The liquidity that will be disbursed in the Special Drawing Rights (SDR), the IMF's currency, is a part of fund injection plan to member countries with a total of US$250 billion to tackle liquidity difficulties in the current crisis.
Thomas R. Rumbaugh, the IMF's division chief for Asia Pacific, said that the injection could increase Indonesia's forex reserves deposited in the Bank Indonesia, the central bank, with global currency denomination that could be cross-converted.
He believed that the IMF's governor council would give its approval on August 7 so that the disbursement could be started on August 28.

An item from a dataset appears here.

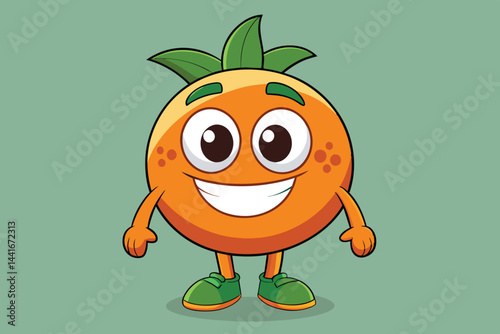 A vibrant cartoon orange character stands with a broad smile. The character features green leaves on top and wears bright green sneakers, exuding joy and playfulness.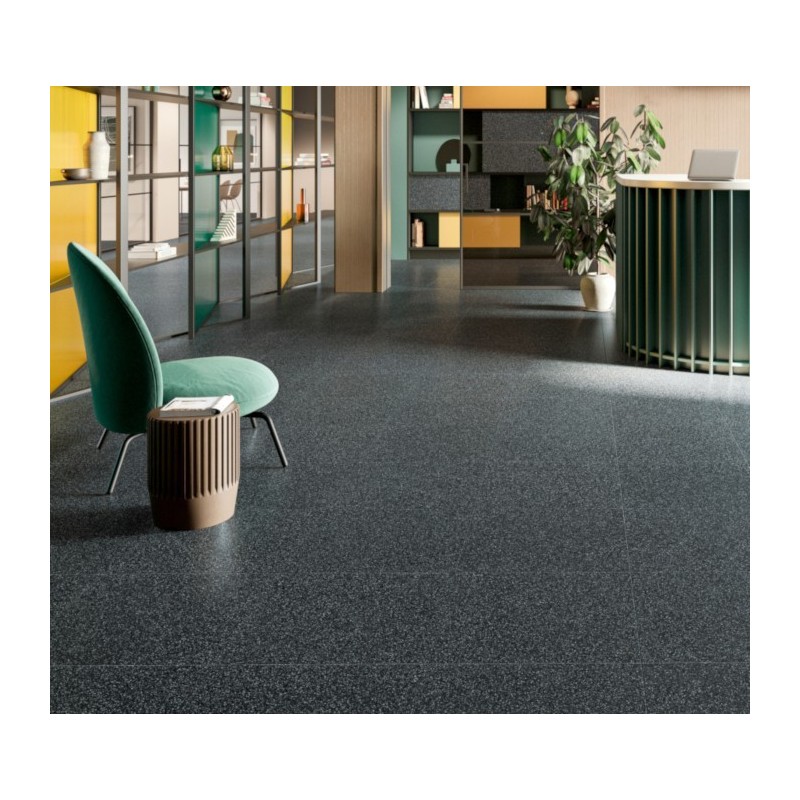 Carrelage imitation terrazzo noir rectifié 60x60x0.9cm norme UPEC refxflake black small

The SDR allocation proposal to forex reserves of 186 member countries was initiated by the body's managing director Dominique Strauss-Kahn on June. In the end of 1970s and 1981, the IMF conducted the same effort and the value was ten times smaller that2009's allocation.
Rumbaugh also said that the Bank Indonesia (BI) could deposit the SDR in its genuine form or convert it to other currencies, like US dollar, euro or yen.
"The BI could deposit the SDR or use it to finance international payment. With support of the SDR (and recovering global economy), Indonesia's forex reserves would stable until the end of this year," said Rumbaugh.
BI recorded forex reserves decrease of US$200 million as of July 2009 compared to the previous month to US$57.4 billion. Indonesia's forex reserves briefly touched the highest level of US$60.56 billion in July 2008.